Chadi Al-Néchouqati : D’abord, il faut prendre en considération qu’on n’a pas eu tous les mêmes débuts, bien que pas mal d’entre nous aient percé grâce au Salon des jeunes. Il y a ceux qui restent dépendants en quelque sorte de l’institution officielle, car ils sont des employés du ministère de la Culture ou travaillent dans l’académisme. Par ailleurs, il faut tenir compte de l’existence de certaines galeries privées qui deviennent elles-mêmes des institutions avec des idées et des objectifs bien définis ainsi que des artistes suivant la consigne. Récemment, j’ai été convié à un colloque au Conseil suprême de la culture et l’on avait tendance à classer la galerie Townhouse comme une institution privée (à l’agenda étranger) et l’espace Saqiet Al-Sawi comme une institution privée (à l’agenda national). Nous, en tant que jeunes artistes, l’on est un peu contrariés par cette classification. Mais depuis l’initiative du festival Nitaq, qui visait à regrouper entre elles les galeries privées du centre-ville, il y a eu conflit entre les différents acteurs. Progressivement, certains d’entre nous ont été mis à l’écart par l’institution officielle pour avoir collaboré avec ces galeries. On ne propose plus nos noms pour participer à des expositions à l’intérieur du pays ou à l’extérieur. Par contre, on s’est fait connaître à l’étranger et on participe à des manifestations de taille comme Dis-Orientation ou Africa-Remix ; nos œuvres sont sélectionnées par des curateurs, loin de la férule de l’Etat. Bref, partout dans le monde, le rapport à l’institution officielle change, faisant place à d’autres entités plus petites, plus actives et plus aptes à suivre les mutations sociales fulgurantes. Cela a commencé en Egypte dans les années 1990.

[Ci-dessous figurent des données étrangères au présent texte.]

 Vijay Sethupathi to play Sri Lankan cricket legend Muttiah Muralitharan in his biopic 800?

— La production actuelle correspond-elle à la formation que l’on reçoit à travers les institutions de l’enseignement ?

— J’ai remarqué que depuis les années 1940, les artistes qui se prêtaient le plus à l’expérimentation provenaient de la faculté de pédagogie artistique, d’où je sors et où j’enseigne. Je suppose que l’éducation que l’on y reçoit, visant à l’origine à former des professeurs d’art, a une optique pluridisciplinaire, contrairement à d’autres cursus plus fermés. Et l’art moderne repose sur l’idée de la fusion entre les médias. Au stade où l’on est, avec les médias non conventionnels comme la vidéo, l’artiste n’a pas besoin de faire des études proprement académiques, car le travail relève plus de l’habileté conceptuelle.

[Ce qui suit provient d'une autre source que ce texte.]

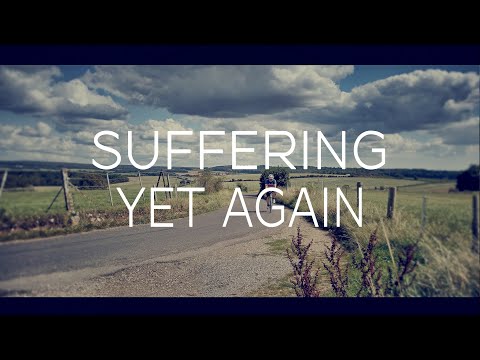 Road Cycling Vlog: Suffering Yet Again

— Y a-t-il un esprit propre aux jeunes artistes qui, comme vous, ont commencé à se faire une réputation à l’étranger ?

— Amal Qénaoui, Sabah Naïm, Waël Chawqi, Hala Al-Qoussi ... ceux qui connaissent une percée internationale n’aiment pas être placés dans un camp ou un autre. Ils se revendiquent artistes indépendants. Ils ont aussi en commun un aspect autodidactique, en quelque sorte. Car après avoir suivi une formation locale, ils se sont frottés à d’autres expériences occidentales à travers des expositions à l’étranger et ont décidé d’acquérir d’autres connaissances pour parler le même langage que ces artistes qu’ils ont vus en dehors de leurs territoires. Moi-même, j’ai essayé d’amalgamer ce que j’ai appris ici et ailleurs. On mélange aussi le global et le local. Partant à la recherche d’une certaine spécificité, on s’est penché sur des thématiques très égyptiennes, qu’il s’agisse d’expériences personnelles ou de sujets critiquant la réalité socio-politique du pays.

Je viens de prendre part aux débats animés par l’exposition allemande Dokumenta où l’on a discuté du thème La modernité, est-ce notre antiquité ? Les débats ont regroupé plus de 80 spécialistes de par le monde.